Task directions
Your answer must be an exact copy of the records below, with no pictures in it.

*** Records provided Section Begins ***

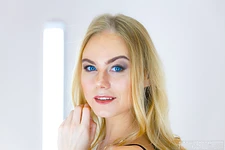 Nancy Ace | Wet Open Pussy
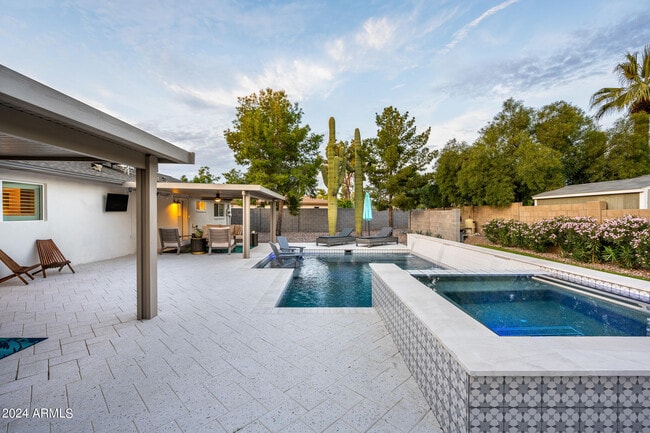 Photo - 4501 N 86th Pl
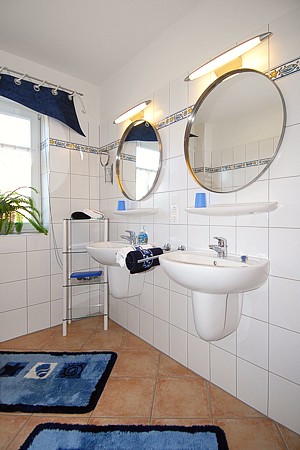 Ferienwohnung „Waterkant“ - Badezimmer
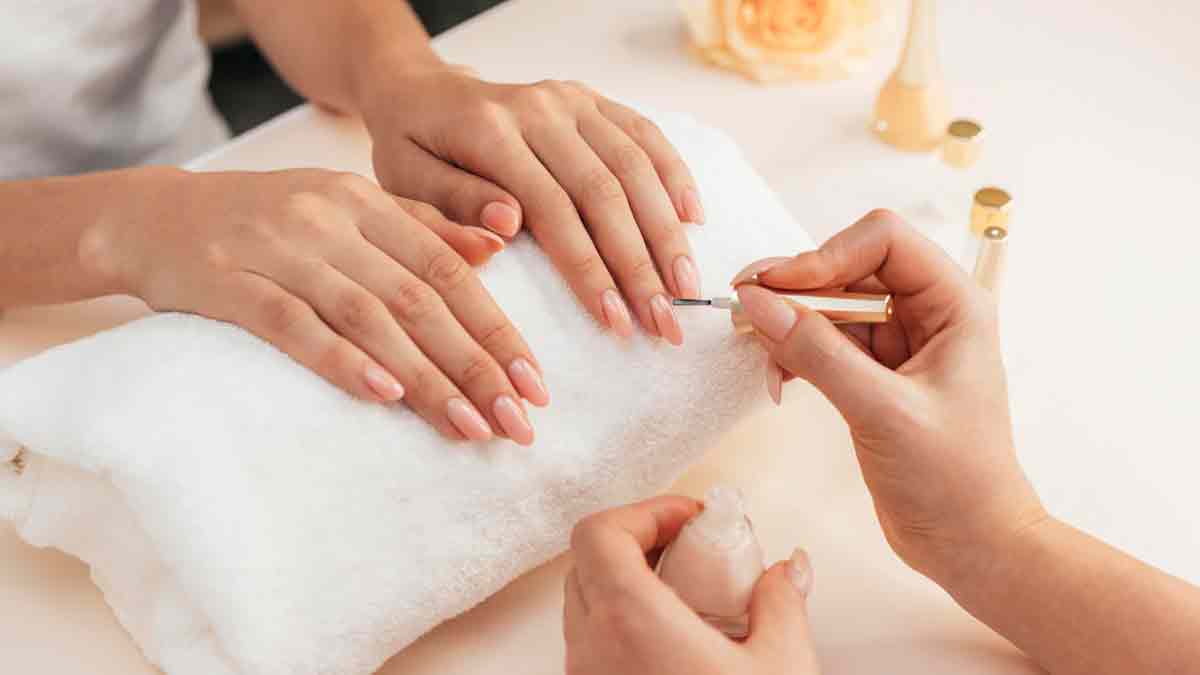Follow These Tips To Make Manicure Last Longer
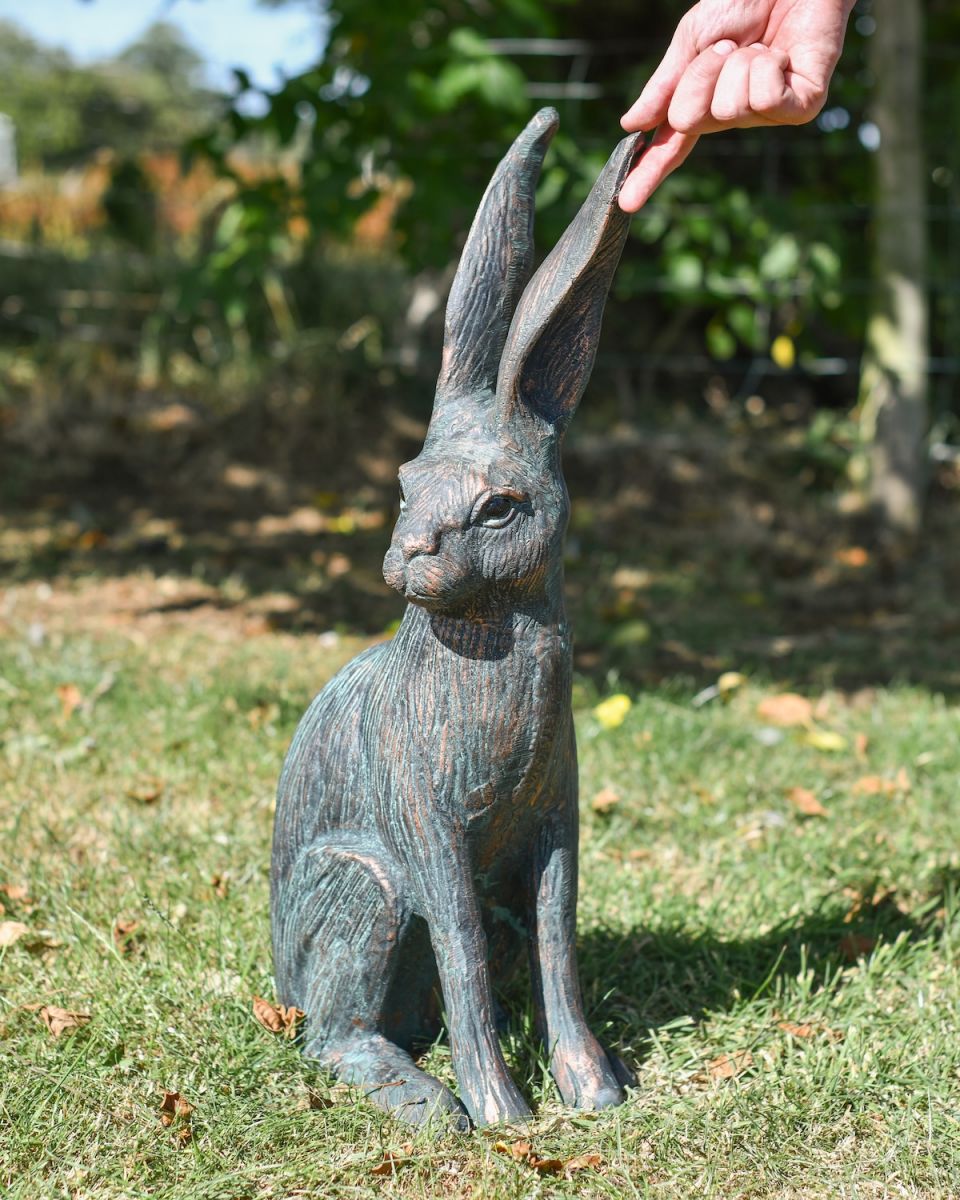 Scale image of Verdigris "Hunter" the Hare Garden Sculpture Scale image of Verdigris "Hunter" the Hare Garden Sculpture
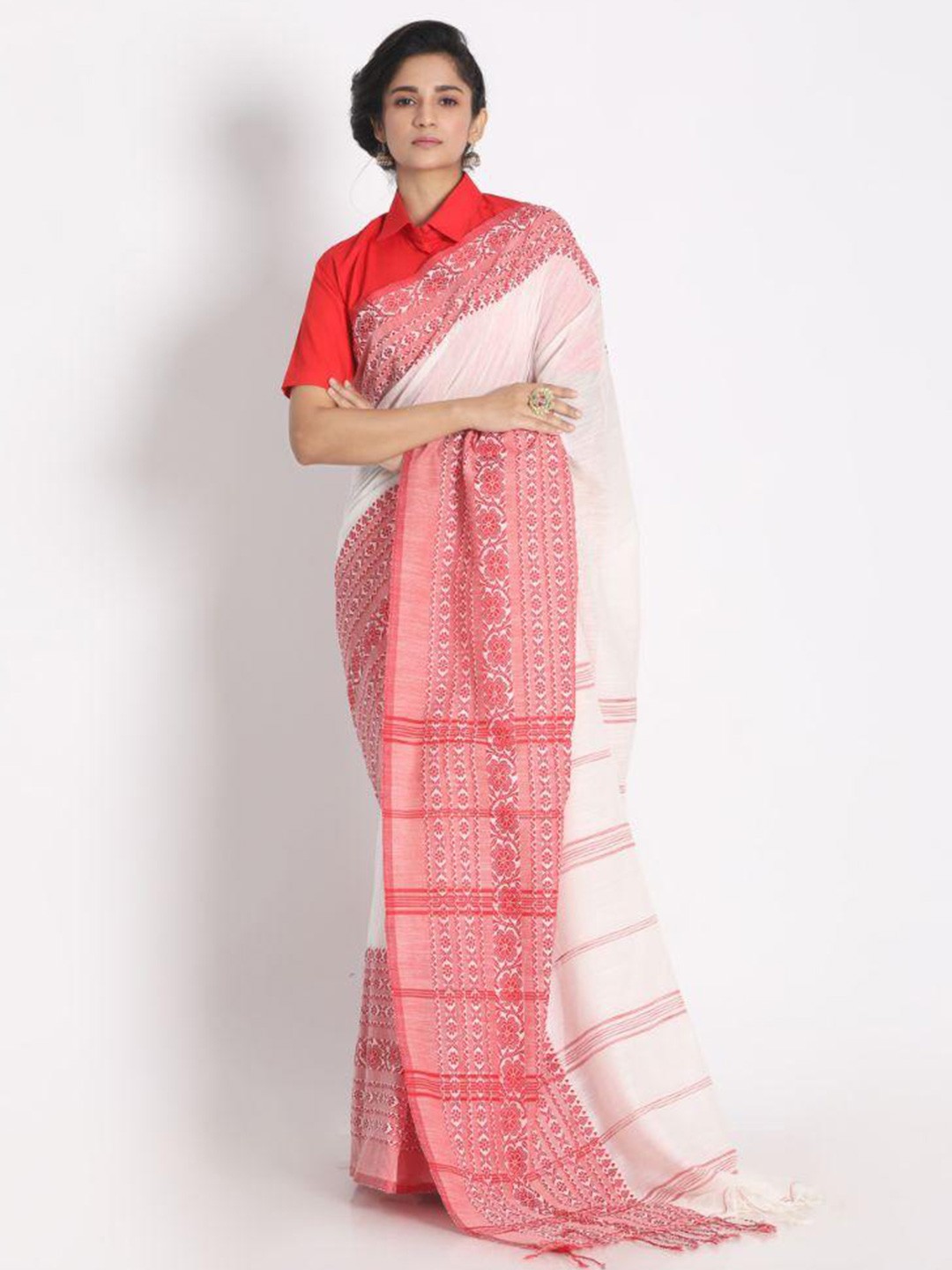 

Angoshobha Woven Design Pure Cotton Saree, White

*** Records provided Section Ends ***

Task output
 Nancy Ace | Wet Open Pussy
 Photo - 4501 N 86th Pl
 Ferienwohnung „Waterkant“ - Badezimmer
Follow These Tips To Make Manicure Last Longer
 Scale image of Verdigris "Hunter" the Hare Garden Sculpture Scale image of Verdigris "Hunter" the Hare Garden Sculpture

Angoshobha Woven Design Pure Cotton Saree, White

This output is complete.